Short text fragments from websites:
---

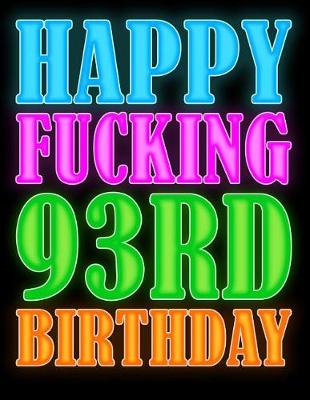 Book cover for Happy Fucking 93rd Birthday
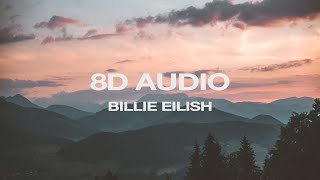 8D AUDIO - Billie Eilish - Ilomilo (USE HEADPHONES) PENTATONIX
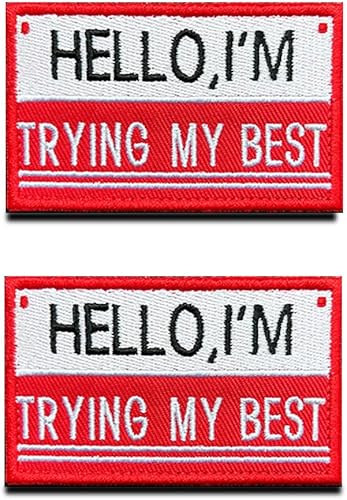 2 piezas de Hello I am Trying My Best Parche bordado divertido emblema social parche para equipo ropa de trabajo jersey, mochilas, gorras, viajes,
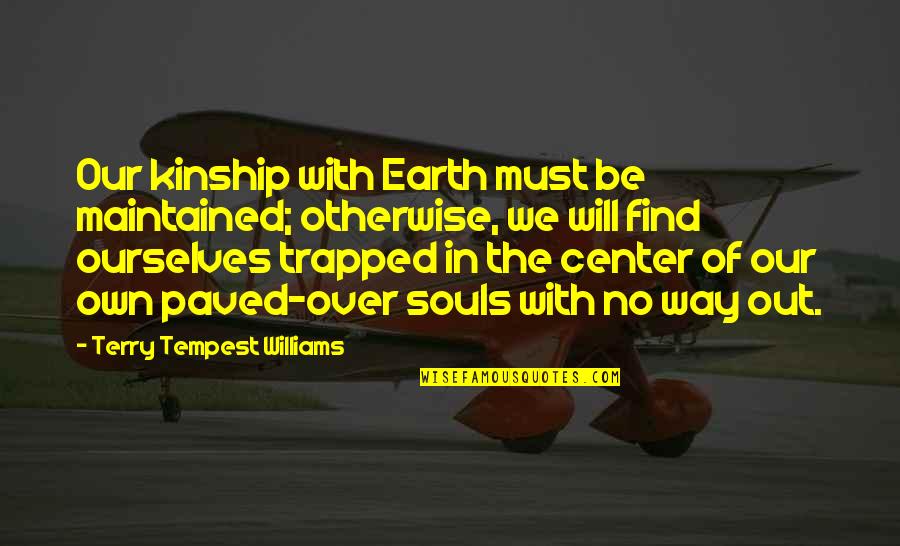 In The Center Quotes By Terry Tempest Williams: Our kinship with Earth must be maintained; otherwise,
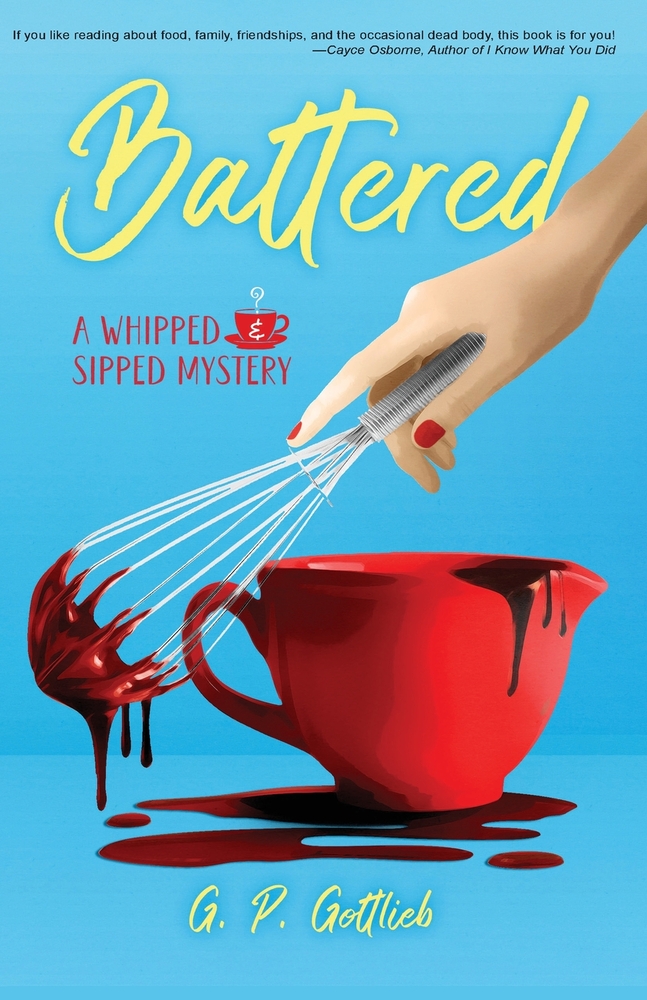 Battered: A Whipped and Sipped Mystery cover
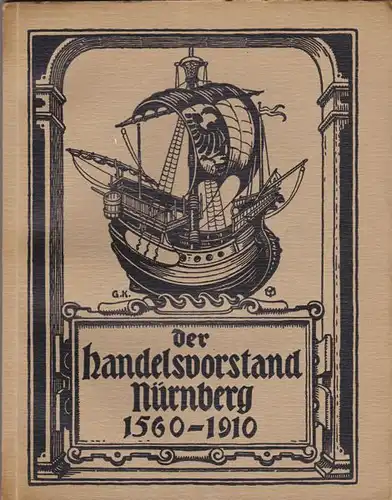 Dirr, P: Der Handelsvorstand Nürnberg 1560 - 1910. 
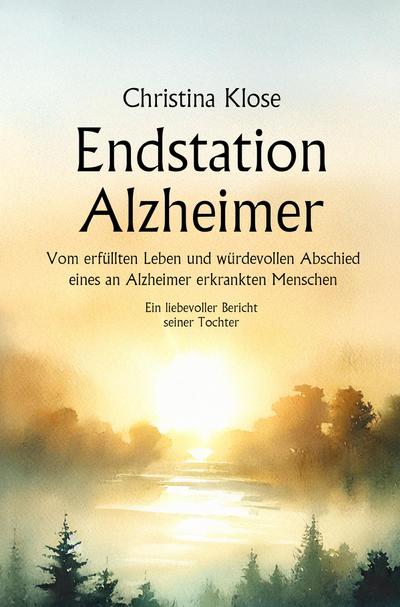 Endstation Alzheimer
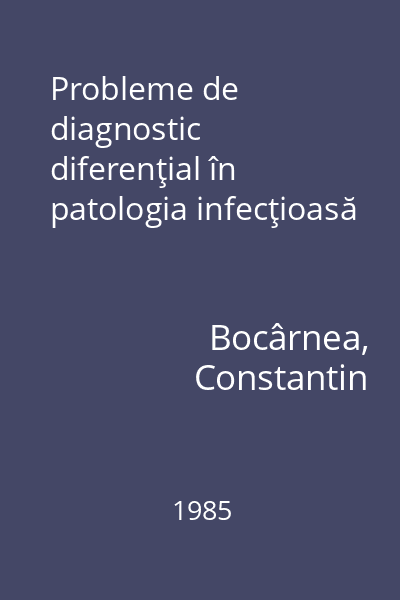 Probleme de diagnostic diferenţial în patologia infecţioasă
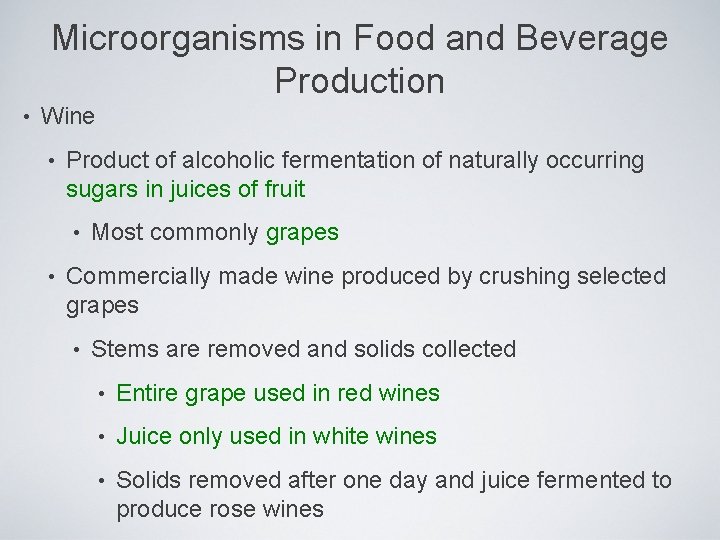 Microorganisms in Food and Beverage Production • Wine • Product of alcoholic fermentation of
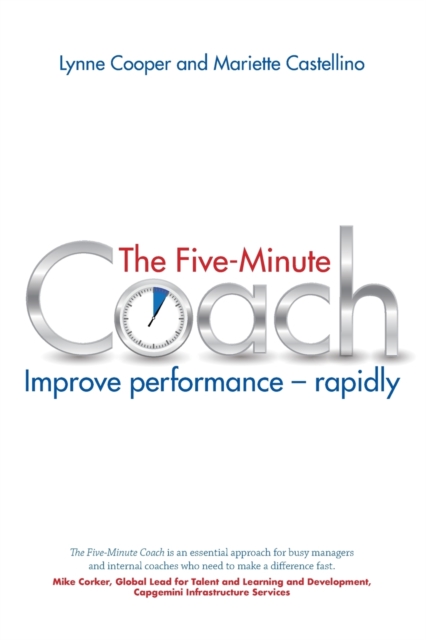 The Five Minute Coach : Improve performance - rapidly, Paperback / softback Book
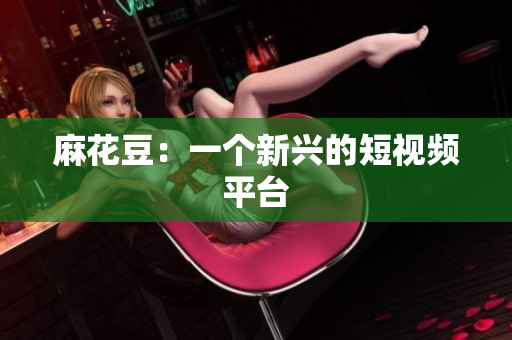 麻花豆：一个新兴的短视频平台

---

■ Assignment
Every line of the data above should be quoted exactly. Omit the pictures.

■ Response for this exercise
 Book cover for Happy Fucking 93rd Birthday
 8D AUDIO - Billie Eilish - Ilomilo (USE HEADPHONES) PENTATONIX
 2 piezas de Hello I am Trying My Best Parche bordado divertido emblema social parche para equipo ropa de trabajo jersey, mochilas, gorras, viajes,
 In The Center Quotes By Terry Tempest Williams: Our kinship with Earth must be maintained; otherwise,
 Battered: A Whipped and Sipped Mystery cover
 Dirr, P: Der Handelsvorstand Nürnberg 1560 - 1910. 
 Endstation Alzheimer
 Probleme de diagnostic diferenţial în patologia infecţioasă
 Microorganisms in Food and Beverage Production • Wine • Product of alcoholic fermentation of
 The Five Minute Coach : Improve performance - rapidly, Paperback / softback Book
 麻花豆：一个新兴的短视频平台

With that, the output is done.